Here’s a letter to the New York Times:
Paul Krugman is correct that public debt does not necessarily harm an economy (“Nobody Understands Debt,” Jan. 2). (No respected economist has ever said otherwise.) Mr. Krugman errs, however, by citing this fact as evidence for the mistaken conclusion that public debt held by fellow citizens is largely costless for the economy as a whole because it’s “money we owe to ourselves.”
When government spends money, resources that would otherwise have been used to produce valuable private-sector outputs are instead used to produce public-sector outputs. The values of these foregone private-sector outputs are a genuine cost of government projects regardless of government’s funding method, regardless of the merits of the government projects, and regardless of the nationalities of government’s creditors.
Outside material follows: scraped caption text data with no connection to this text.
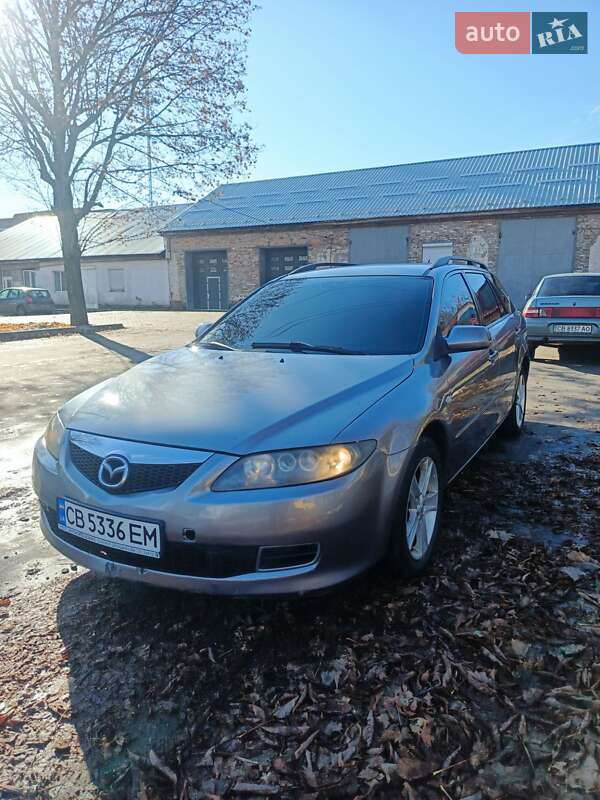 Mazda 6 2006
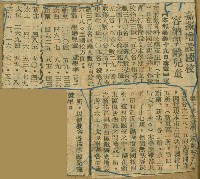 謝掙強任嘉義市長期間市政相關剪報集藏品圖，第45張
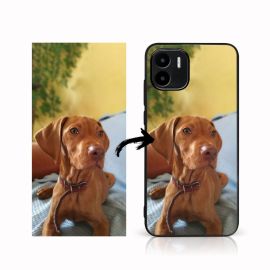 zadný kryt Xiaomi Redmi A2 - Kryt s vlastnou fotkou pre Xiaomi Redmi A1 / A2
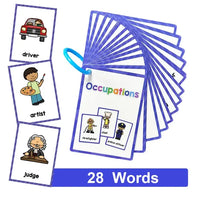 Thumbnail for English Words Learning Flashcards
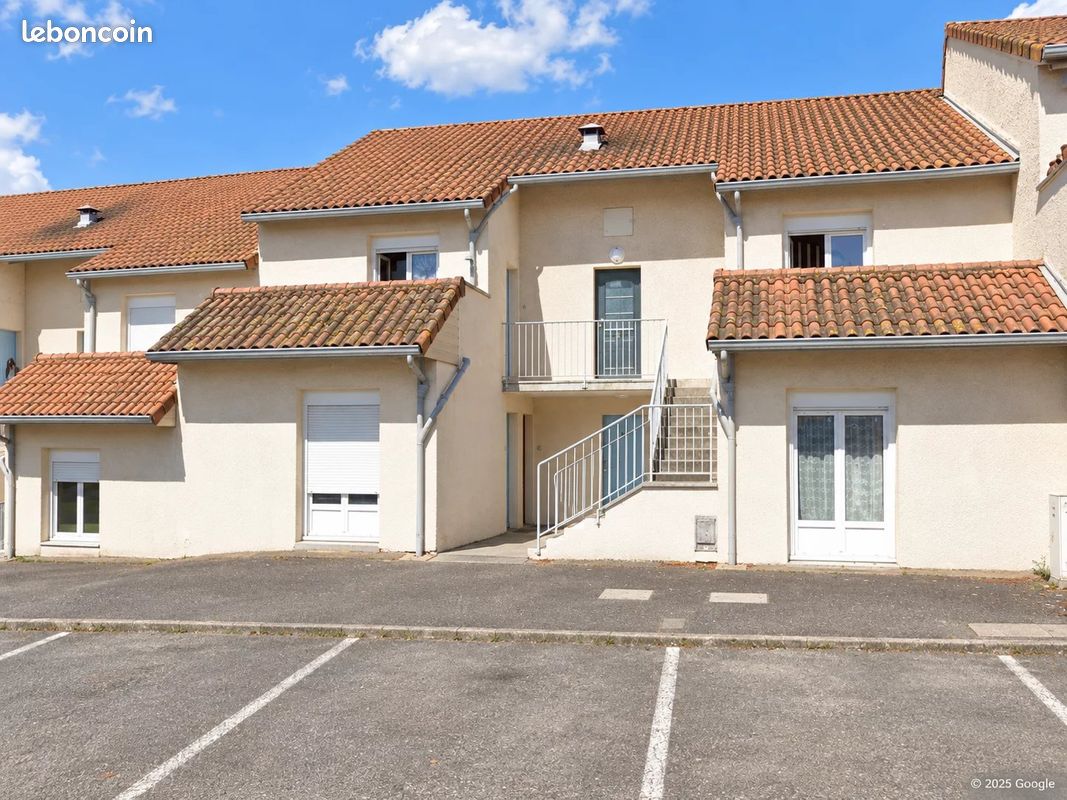 Appartement 2 pièces 46 m² · à Limoges · 46 m² · 520 €/mois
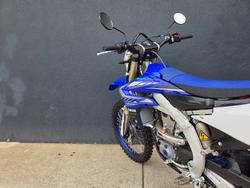 2020 Yamaha WR450F BLUE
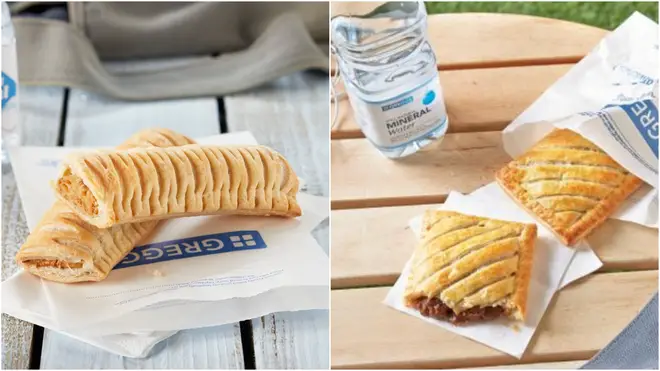 First it was the vegan sausage roll now Greggs looks set to launch a fake bake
And the private-sector outputs that are never produced because resources are instead used to produce public-sector outputs do not miraculously appear – they are not miraculously ‘unforegone’ – simply because the obligation to pay for public-sector outputs is deferred to the future or because the holders of the debt instruments are citizens of the same country as the taxpayers.
The argument in the above paragraph isn’t unique: it is elaborated in great detail in many of the works on public finance by another Nobel laureate economist, James Buchanan.* It’s discouraging that Mr. Krugman seems to be unfamiliar with Buchanan’s contributions.
Sincerely,
Donald J. Boudreaux
Professor of Economics
George Mason University
Fairfax, VA 22030* Most famously, James M. Buchanan, Public Principles of Public Debt.
(Anticipating an objection: note that Krugman’s argument here does not depend upon the existence – the alleged costlessness – of large stocks of unemployed resources.)
I would think that, were he actually to read Buchanan’s work on this topic, Krugman would be embarrassed by his (Krugman’s) falling for the “we owe it to ourselves” myth.